Un noyau incroyablement diffus

En s’appuyant sur les données de la sonde Cassini qui a exploré le système de Saturne de 2004 à 2017, des chercheurs du California Institute of Technology ont ainsi « écouté » les différentes notes produites à l’intérieur de l’anneau C au fil du temps. Ces analyses ont permis de « remonter » jusqu’à l’orchestre et de déterminer la structure du noyau de la planète.

Ces travaux, publiés dans Nature Astronomy, ont révélé un noyau colossal. Environ 55 fois plus massif que la Terre, il représente 60 % du rayon de la planète.

En outre, nous pensions jusqu’à présent que l’intérieur de Saturne présentait une division nette entre un noyau compact de roches et de glace et une enveloppe composée principalement d’hydrogène et d’hélium. Or, ces analyses révèlent que ce noyau est en réalité beaucoup plus diffus. Les roches et la glace cèdent en effet lentement la place aux parties les plus gazeuses de la planète à mesure que l’on s’éloigne du noyau qui, de fait, ne propose aucune frontière clairement définie.

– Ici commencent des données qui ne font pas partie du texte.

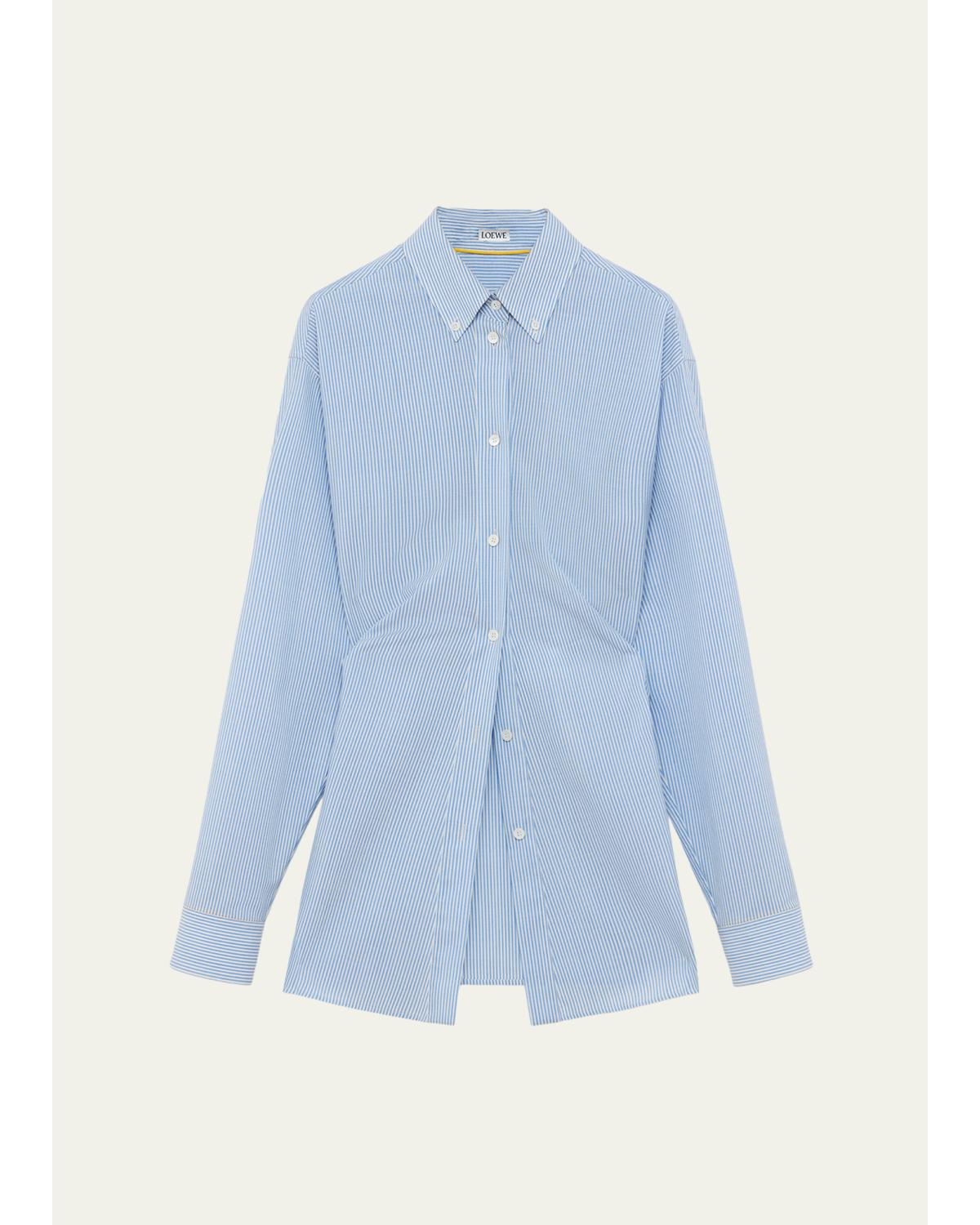 Striped Draped Waist Button-Down Shirt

Pour Christopher Mankovich, principal auteur de l’étude, ces nouvelles découvertes sur Saturne ajoutent du crédit à l’idée que l’évolution des géantes gazeuses est un processus graduel entamé par la construction d’un noyau à partir de la coagulation de morceaux de roche spatiale autour duquel vient s’enrouler du gaz pour former le reste de la planète.